Material for this task
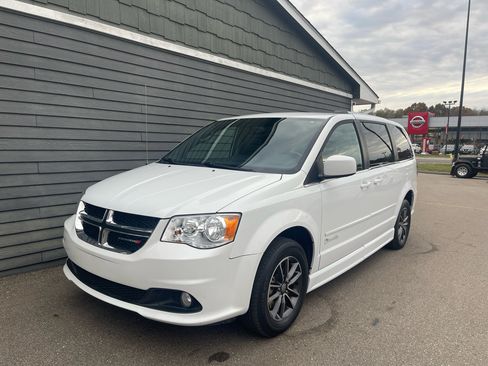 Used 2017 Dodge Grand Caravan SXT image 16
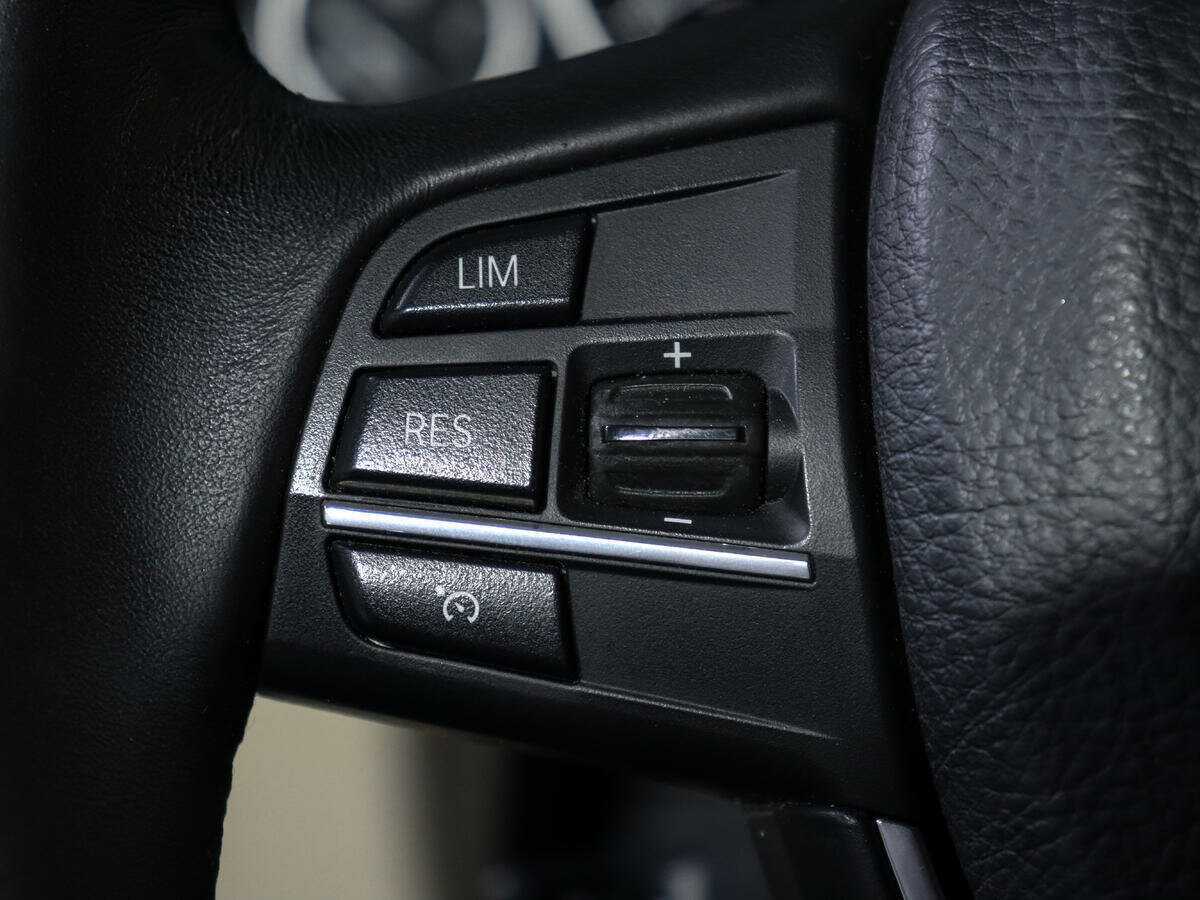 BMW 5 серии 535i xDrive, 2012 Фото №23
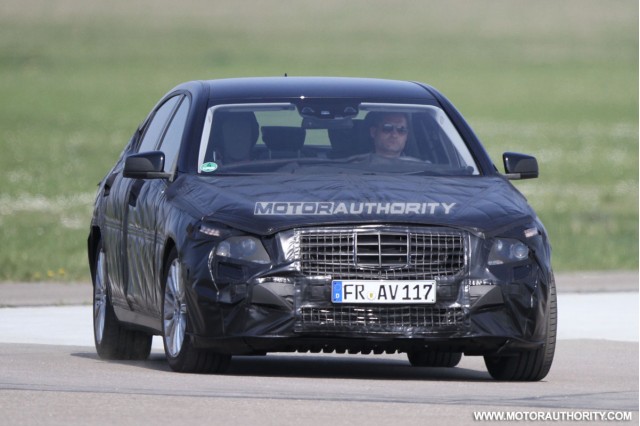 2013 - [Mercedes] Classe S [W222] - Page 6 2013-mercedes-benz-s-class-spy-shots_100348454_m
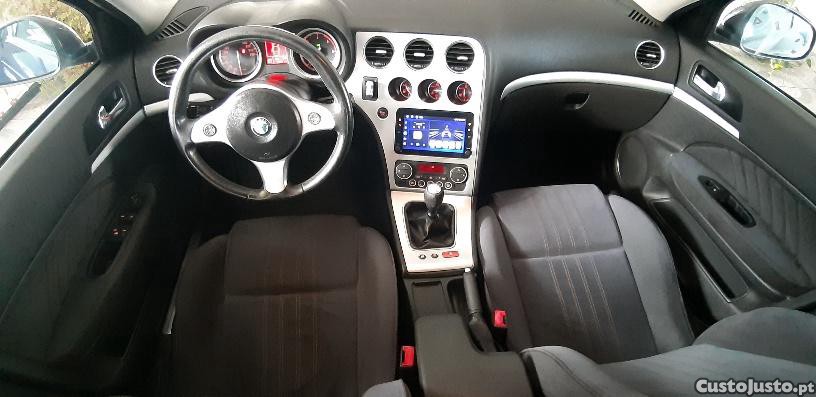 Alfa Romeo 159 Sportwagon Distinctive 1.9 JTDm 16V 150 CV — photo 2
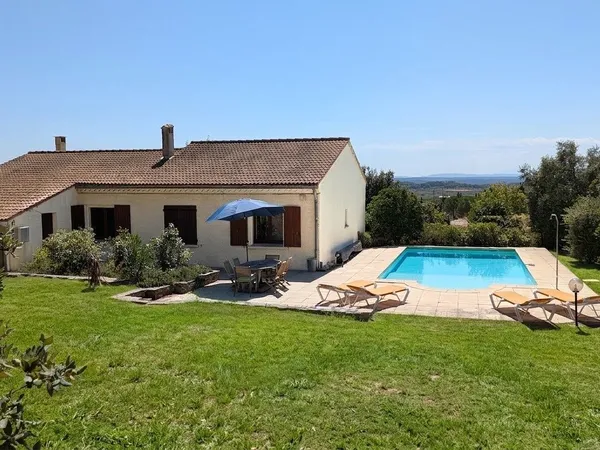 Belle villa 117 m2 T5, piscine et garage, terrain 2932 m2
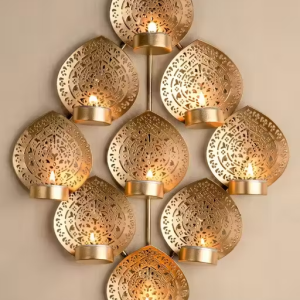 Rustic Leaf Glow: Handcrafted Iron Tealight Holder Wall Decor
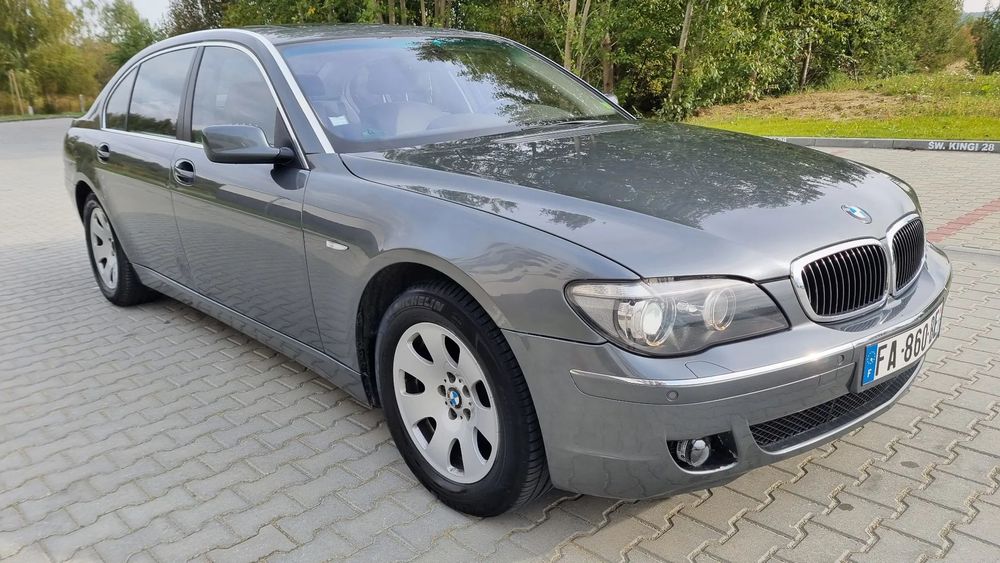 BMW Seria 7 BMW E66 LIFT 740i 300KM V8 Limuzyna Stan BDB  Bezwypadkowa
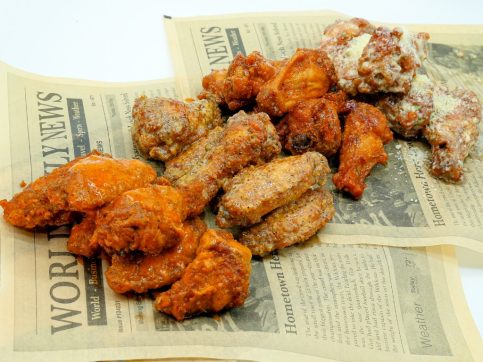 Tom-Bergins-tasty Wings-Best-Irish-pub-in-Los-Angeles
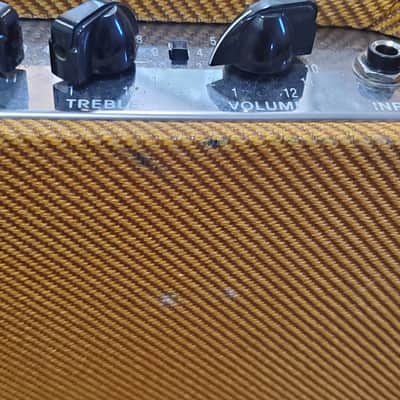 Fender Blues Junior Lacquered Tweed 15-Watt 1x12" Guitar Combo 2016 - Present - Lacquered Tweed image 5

--

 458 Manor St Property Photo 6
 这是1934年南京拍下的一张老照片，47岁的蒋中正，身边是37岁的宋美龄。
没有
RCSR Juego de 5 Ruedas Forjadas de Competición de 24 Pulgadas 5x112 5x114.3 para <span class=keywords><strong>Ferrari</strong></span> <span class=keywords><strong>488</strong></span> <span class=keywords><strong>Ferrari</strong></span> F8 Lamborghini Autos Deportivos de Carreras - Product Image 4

What needs to be done
Above are the records; copy exactly the lines from the one with "Rustic Leaf Glow: Handcrafted" through the one with "Fender Blues Junior", including both, and nothing more. Leave out pictures.

Your solution
 Rustic Leaf Glow: Handcrafted Iron Tealight Holder Wall Decor
 BMW Seria 7 BMW E66 LIFT 740i 300KM V8 Limuzyna Stan BDB  Bezwypadkowa
 Tom-Bergins-tasty Wings-Best-Irish-pub-in-Los-Angeles
 Fender Blues Junior Lacquered Tweed 15-Watt 1x12" Guitar Combo 2016 - Present - Lacquered Tweed image 5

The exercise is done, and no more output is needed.